About six weeks ago, educational video startup Udemy launched its Faculty Project, a nonprofit program for distributing streaming university curriculum online. Early results have been pretty successful, with more than 50,000 students signing up for the program. But that’s not all: the Faculty Project is also bringing on ever more prestigious faculty, with its first Ivy League professor soon coming on board.
In contrast to Udemy’s for-profit platform, which enables teachers to create online courses and charges for access to them, the Faculty Project is a free offering that is designed to connect students from around the world with university faculty for high-quality courses online.
Udemy co-founder Gagan Biyani told me by phone that the goal of the Faculty Project is to help democratize learning online. “We believe that in the next few years, you’ll be able to learn anything for free on the Internet,” he said. “We want to facilitate that and make it happen.”
Until recently, however, the costs associated with bringing university courses online made it prohibitively expensive for many schools to do so. Udemy is trying to offer a low-cost alternative to webcasting options that cost educational organizations tens of thousands of dollars to set up.
Faculty Project Director Tim Parks has been reaching out to professors directly, trying to get faculty signed up to participate and begin producing courses online that can be accessed by anyone in the world for free. The program also provides participating professors with a video camera and provides support for getting on board and developing their video-focused courses.
The curriculum at the Faculty Project is still very limited, with about a dozen courses online today. But it already has an impressive list of schools represented by participating professors, including Colgate, Dartmouth, Duke, Northwestern, USC and Vanderbilt. But it recently signed up its first Ivy League professor, with Thomas Pogge, Director of the Global Justice Program and the Leitner Professor of Philosophy and International Affairs at Yale University, teaching a course on Global Justice.

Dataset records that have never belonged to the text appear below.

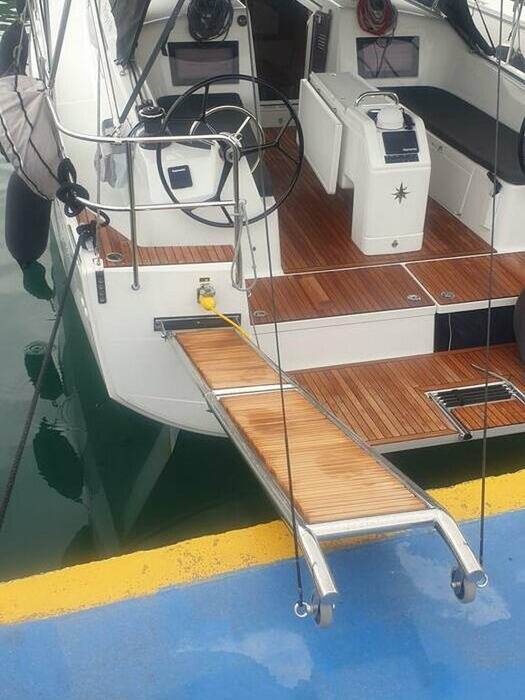 The song is you | Sun Odyssey 410 Performance - New sail photo 3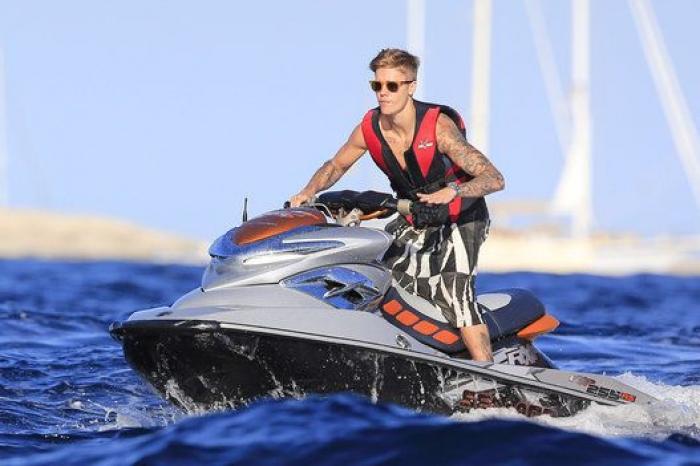 Famosos en la playa: así pasan el verano de 2014 (FOTOS)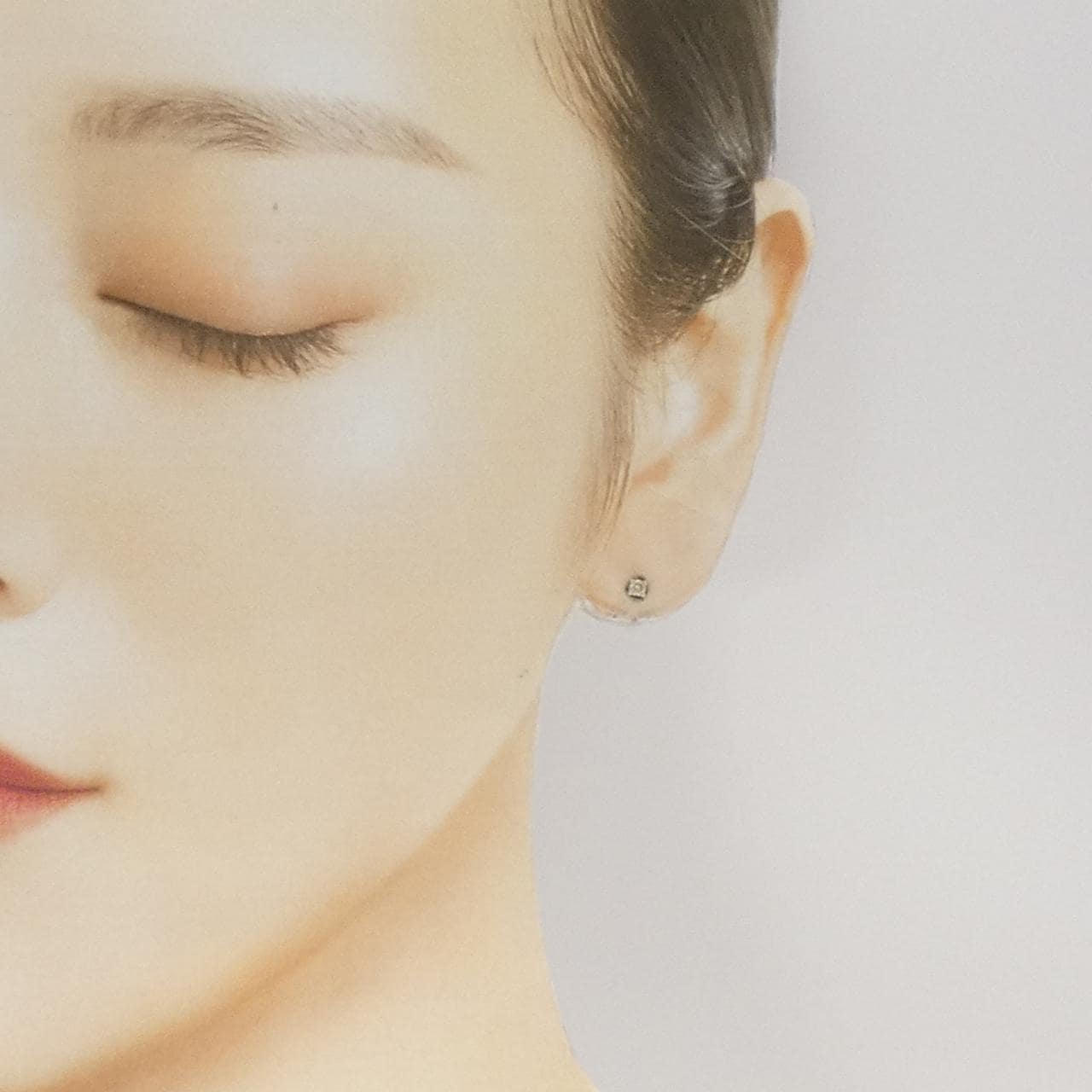 PT900 ソリティア ダイヤモンド ピアス 0.10CT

The program is also leading to some discussions with universities to launch more formalized courses for their professors. The Darden School of Business at the University of Virginia and the Kellogg School of Management at Northwestern are both talking to Udemy about leveraging its platform beyond just some one-off courses that their professors have made available on the Faculty Project.
In the meantime, students keep signing up — Udemy now counts 50,000 signed up through the Faculty Project and its for-profit platform. That, Biyani notes, is more than any public university in California — and after just six weeks of launching to the public.